Derribo algunos árboles que me impiden avanzar y no pocas veces nos atascamos en hoyos profundos. Cuando alcanzamos un terreno más llano, las cadenas resbalan por el viscoso barro y nieve sucia.

–¿Hacia dónde vamos? – me pregunta Türuten a gritos para que pueda oírle.

–Hacia el sur. Tenemos que poner tierra de por medio. Supongo que allí no habrá alemanes ni franceses partiéndose la cara como animales. Lo importante ahora es largarse de aquí a toda pastilla.

A través de la pequeña ventanilla que me permite ver algo, como corresponde a un conductor, observo un claro del bosque. Es un prado grande y blanco, inmaculado como una sábana de hospital e intacto todavía por la guerra.

Ni rastro de soldados franceses ni alemanes. Pongo rumbo a mismo. Estoy harto ya de tanto árbol y tanto bache ¡Error!

Nos hemos expuesto a miradas indiscretas. Un tanque no debe quedar a la vista de todo el mundo y menos esta tartana grotescamente grande y lenta como una tortuga con reuma.

Para rematar la faena, un olor a petróleo comienza a apestar todavía más el aire irrespirable.

–Se ha debido romper algún depósito de combustible con tanto ajetreo. Va a ser cuestión de apearnos. Como esto se pegue fuego vamos a asarnos aquí dentro.– les grito a estos dos.

Nos asfixiamos. Instintivamente abrimos la trampilla superior para tomar sorbos de aire limpio y fresco. Pero pronto tenemos que cerrarla a toda prisa. Un par de aviones “de los nuestros” nos han descubierto. Uno de ellos es rojo como un tomate campero.

–Mira, imbécil, – le grito a Stupiden. –¿No tenías tantas ganas de besar a tu querido Barón Rojo? Pues él te va a dar un beso en las nalgas. ¡Manda cojones!–

No tardan en picar sobre nosotros. Algunas balas rebotan contra el blindaje pero otras penetran en él sin mayor problema. Este trasto no podrá soportarlo. En el fondo no es más que un tractor con algunas planchas delgadas de acero como blindaje y unas cadenas estúpidamente grandes.

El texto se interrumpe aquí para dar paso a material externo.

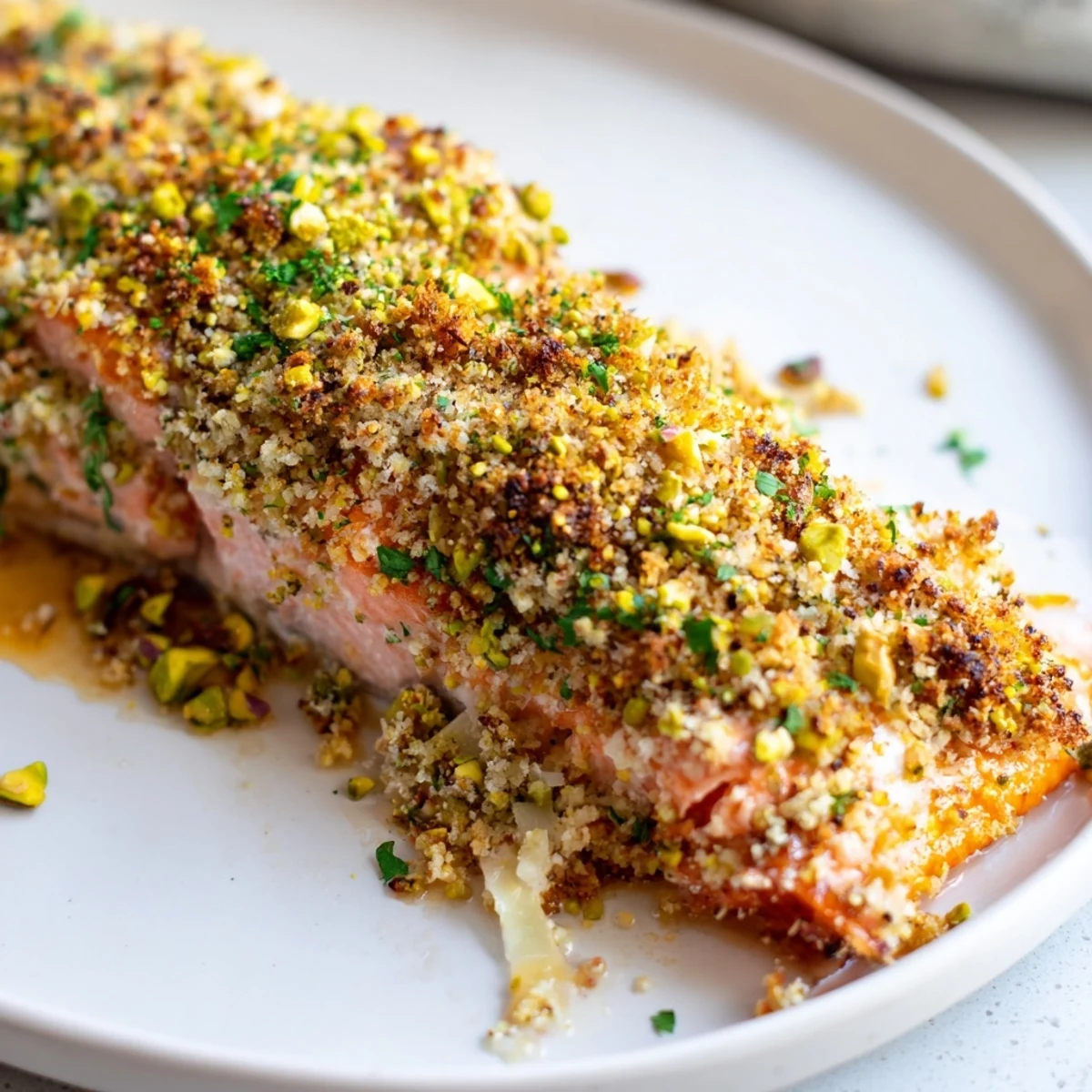 Close-up of maple pistachio salmon showing its caramelized golden crust and tender pink flakes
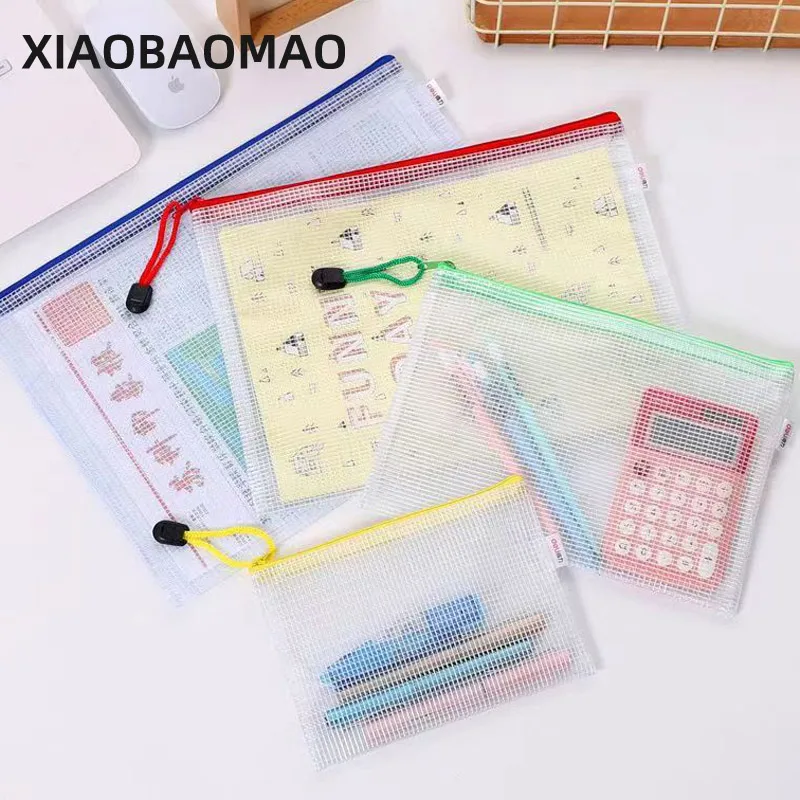 Imagem -02 - Bolsa de Arquivo Plástico Transparente Impermeável Bolso de Arquivo Pasta Zíper para Escola b4 a4 b5 a5 a6 10 Pcs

Türuten intenta cargar la ametralladora para hacerles frente pero es detenido en el acto por Stupiden.

–¿Qué vas a hacer, botarate? ¿No ves que son de los nuestros? –

–Son ellos o nosotros. ¿No lo ves? – protesta el chico.

–Es el Barón Rojo. Ni cien como nosotros vale lo mismo que él. –

Apago el motor. Estoy aterrorizado. Si alguna bala de las que nos impacta produce alguna chispa, el combustible estallará.

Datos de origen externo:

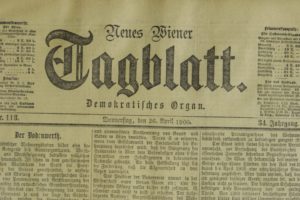 ロースの論考が掲載された1900年4月26日付の『新ウィーン日報Neues Wiener Tagblatt』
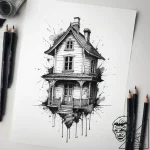 Tattoo sketch house silhouette, concept art f… – tattoo sketch (№1758706582_0, 24.09.2025 09:36) — tattoovalue.net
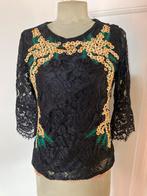 Mooie kanten top met mimosa borduursel, Kleding | Dames, Tops, Zwart, Ophalen of Verzenden, Zo goed als nieuw, Vintage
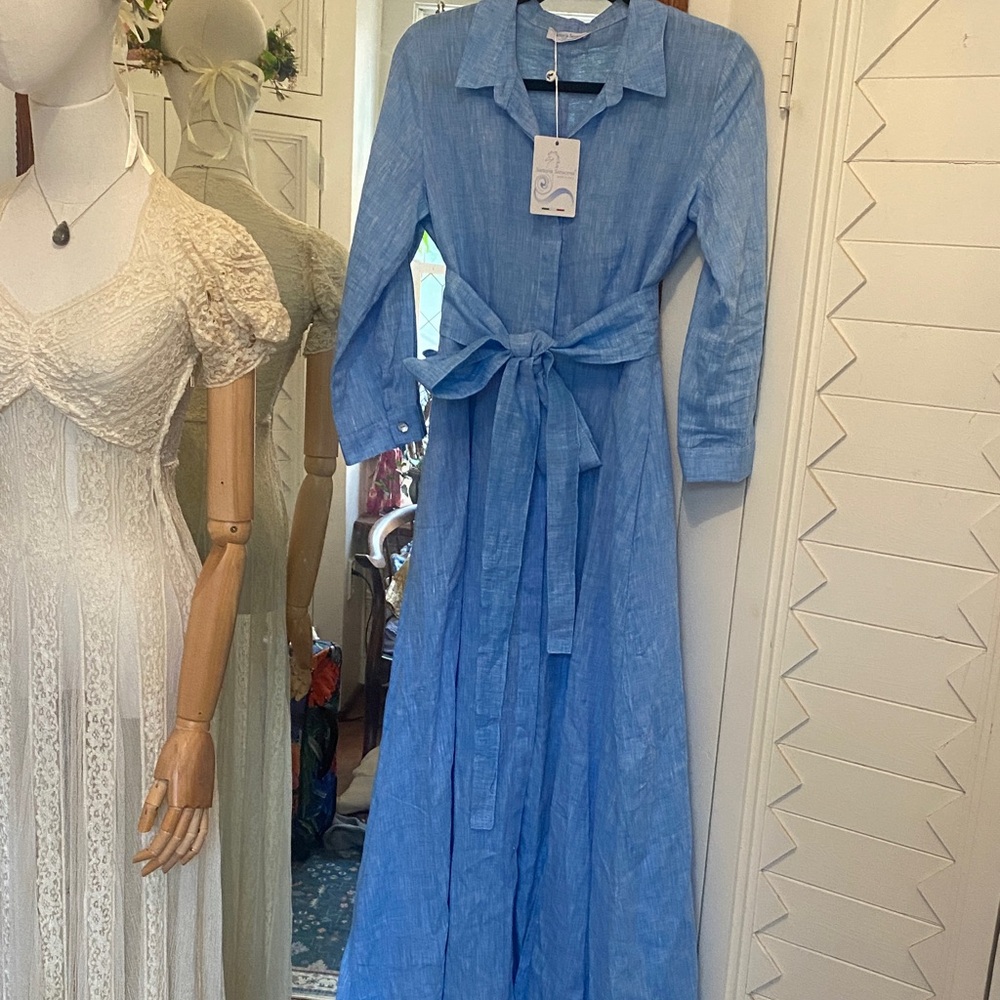 Italian Linen Blue Maxi Dress with Belt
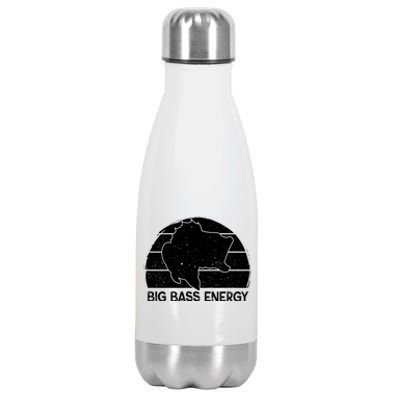 Big Bass Energy Vintage Big Fish Fishing Funny Gift Dad Cute Gift Stainless Steel Insulated Water Bottle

–Cuando se alejen un poco para dar la vuelta y volver al ataque saldremos a escape del tanque. Alejaros lo máximo posible. – les digo sin dejar de gritar. Mi voz suena como con eco en el interior del trasto este una vez que se ha hecho el silencio tras apagar el condenado motor.

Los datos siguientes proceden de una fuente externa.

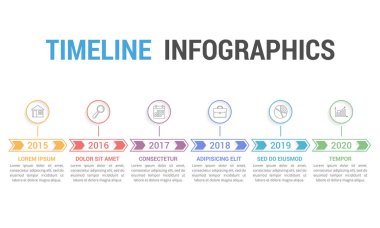 Timeline infographics with arrows with 6 steps, vector eps10 illustration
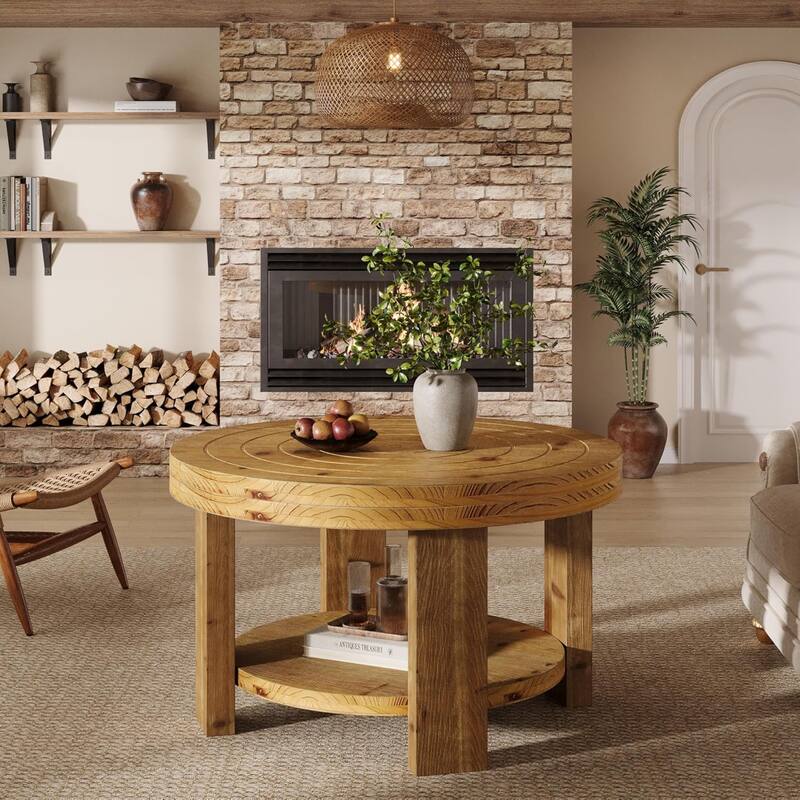 Solid Wood Round Coffee Table Entertainment Center Table for Living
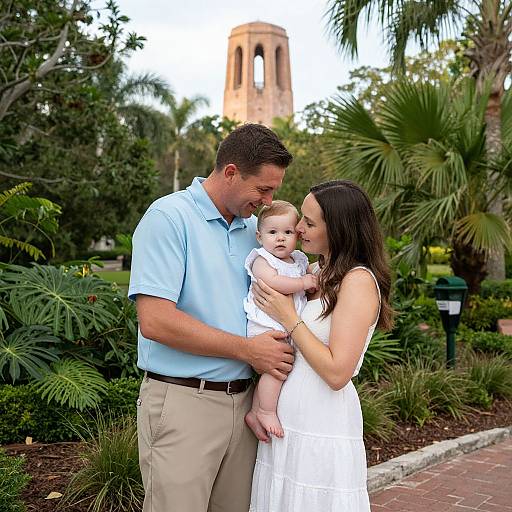 Photograph of a smiling couple in light blue and white dresses, holding a baby in a white outfit, in a lush garden with a tall clock tower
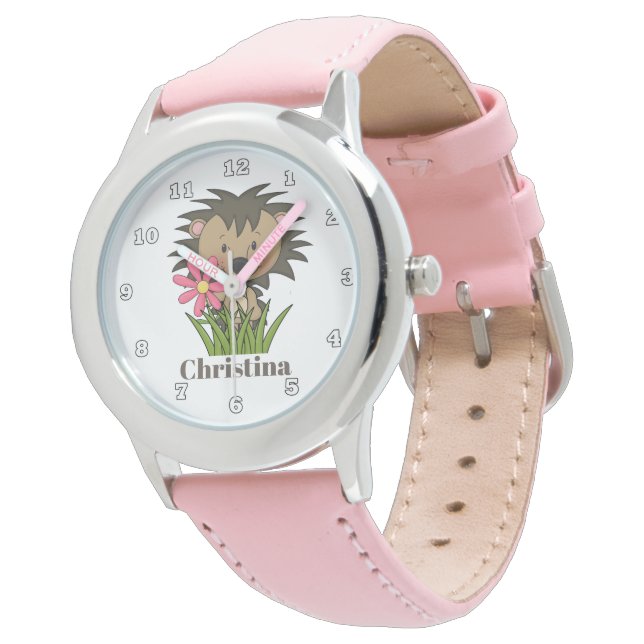 Cute hedgehog add name watch (Angled)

Saltamos cada uno por una portezuela en direcciones opuestas. Los aeroplanos vuelven a la carga. Un tanque no es una pieza menor para esos coleccionistas de muerte.

Cuando están cerca dejamos de correr y nos lanzamos al suelo. A mi izquierda, a unos ochenta metros, está Türuten tendido boca abajo. Unas nubecillas de nieve a su alrededor me hacen temer lo peor. ¡Están disparando contra él!. Mi rabia es tal que golpeo con ambos puños la maldita nieve francesa sobre la que estoy tumbado.

Y después un estampido colosal. El tanque ha sido alcanzado y ha explotado como un globo. Enormes pedazos de metal caen a nuestro alrededor. Y tras unos instantes los aviones se largan tan campantes y permanecemos en el más absoluto silencio.

–¿Estáis bien? –

–Sí.– contesta el sargento mientras gatea hacia el muchacho. –Pero le han dado al mocoso. –

–¡Mierda! –

Corro desesperadamente hacia Türuten. Está tendido en el suelo llorando. Afortunadamente no está herido de gravedad. Sólo una pequeña herida en la pierna derecha producida por el roce de una bala disparada por el aviador hijo de puta o por alguna esquirla del tanque.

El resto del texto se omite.